Other collagen proteins have also been reported to play roles in notochord morphogenesis. Loss of the zebrafish α1 chain of collagen VIII (col8a1) generates early and late notochord-related phenotypes. A study aimed at characterizing one zebrafish mutant with notochord distortion, called gulliver (gul), demonstrated that the phenotype arises from mutation of the col8a1 gene, which leads to defective collagen VIII deposition and disorganization of collagen fibers in the medial layer of the notochord sheath (Gansner and Gitlin, 2008). Interestingly, in the gul mutant, notochordal cells form inflated vacuoles and survive despite the accumulation of protein aggregates in the rough endoplasmic reticulum. It is reasonable to speculate that the undulated shape of the notochord in gul mutants may be due to a defective peri-notochordal BM architecture that is not able to sustain the hydrostatic pressure generated from vacuolated cells (Gansner and Gitlin, 2008). More recently, a study demonstrated that the disruption of the col8a1 gene in zebrafish leviathan (lev) mutants is sufficient to generate vertebral malformation and scoliosis in the adult fish, which resulted from aberrant bone deposition at regions of misshapen notochord tissue (Gray et al., 2014).

Collagen XV is abundantly deposited in the peri-notochordal BM, and ablation of collagen XV by morpholino (MO)-mediated knockdown of the col15a1 gene in zebrafish embryos leads to disorganization of the peri-notochodal BM, with lower amounts of less-dense collagen fibers in the medial and outer layers, and disruption of the inner layer (Pagnon-Minot et al., 2008). This phenotype is also associated with defects in notochord differentiation, as indicated by the reduction of the mean size of vacuoles and the persistent expression of early chordamesodermal markers (Pagnon-Minot et al., 2008). Based on the substantial increase in the number of medial fast-twitch muscle fibers, the authors suggested that the loss of BM integrity due to ablation of collagen XV may lead to an increased diffusion of Hh ligands originating from the notochord, thereby causing an altered differentiation program of muscle fibers. Moreover, the distinctive expansion of medial fast fibers in col15a1 morphant embryos correlates with the onset of collagen XV expression after Shh-mediated induction of adaxial and muscle pioneer cells (Pagnon-Minot et al., 2008).
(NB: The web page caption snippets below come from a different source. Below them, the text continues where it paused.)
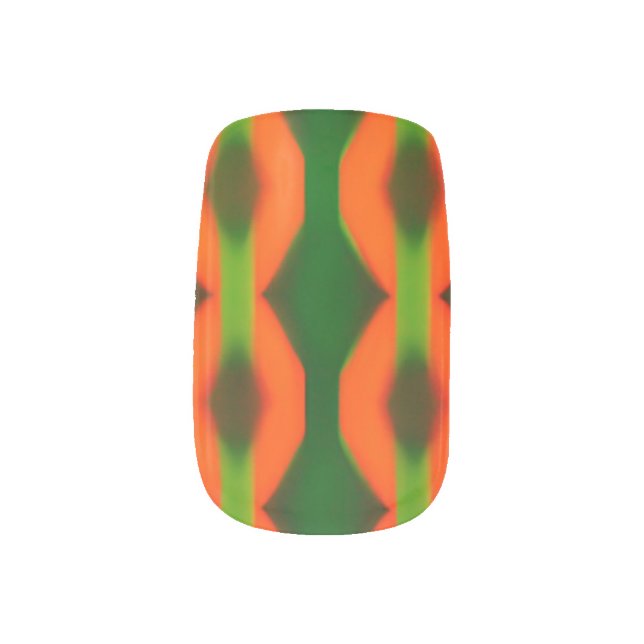 Orange and Green Abstract Zigzag Minx Nail Art (Left Thumb)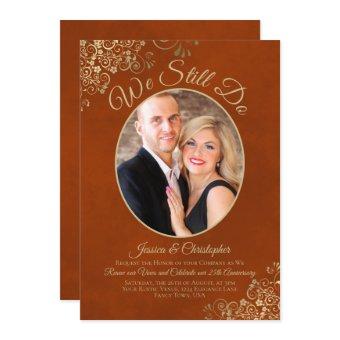We Still Do Rust Orange & Gold Wedding Vow Renewal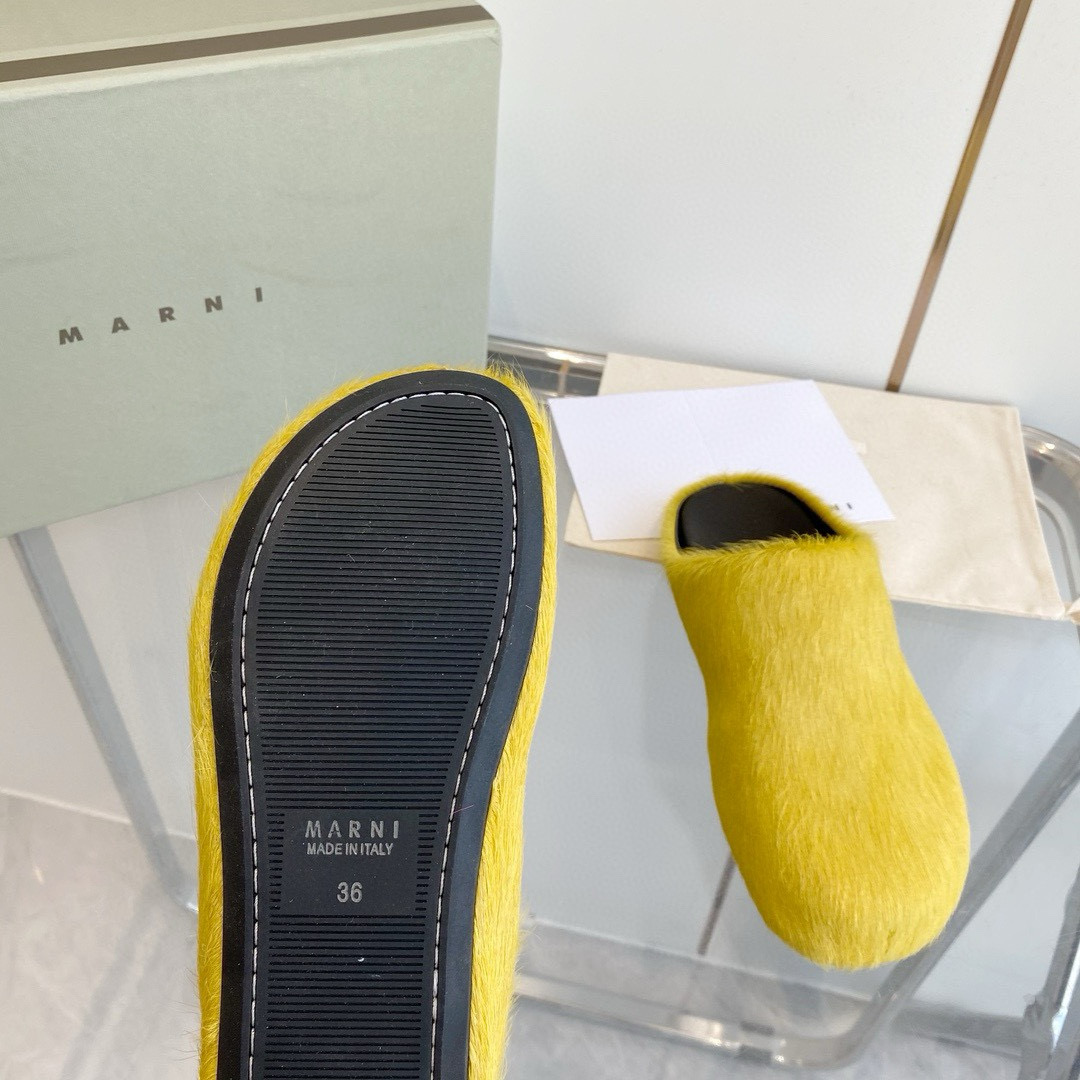2024 Unisex Marni Yellow Horsehair Leather Mules MJ00320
Studies in zebrafish have shown that expression of the col11a1 gene, which encodes the α1 chain of collagen XI, is transiently restricted to notochord during development (Baas et al., 2009). MO-mediated col11a1 knockdown in zebrafish embryos leads to defects in craniofacial cartilage and notochord morphology (Baas et al., 2009). The ECM organization of the peri-notochordal sheath is also altered and causes notochord distortion in collagen XI-deficient embryos (Baas et al., 2009). Collagen XXVII also has a role in notochord morphogenesis, and the two zebrafish paralog genes (col27a1a and col27a1b) are dynamically expressed in the notochord with a pattern similar to that of col2a1 (Christiansen et al., 2009). MO-mediated knockdown of col27a1a and col27a1b causes notochord curvature at early developmental stages. Indeed, ablation of collagen XXVII leads to a weak peri-notochordal sheath, which is unable to withstand the pressure generated by vacuolated cells within the notochord. Notably, this early embryonic phenotype is also accompanied by subsequent phenotypes, including dysmorphic vertebrae, delayed vertebral mineralization and scoliosis (Christiansen et al., 2009). This suggests that collagen XXVII is not only required during early notochord development, but is also critical for the formation of subsequent skeletal structures.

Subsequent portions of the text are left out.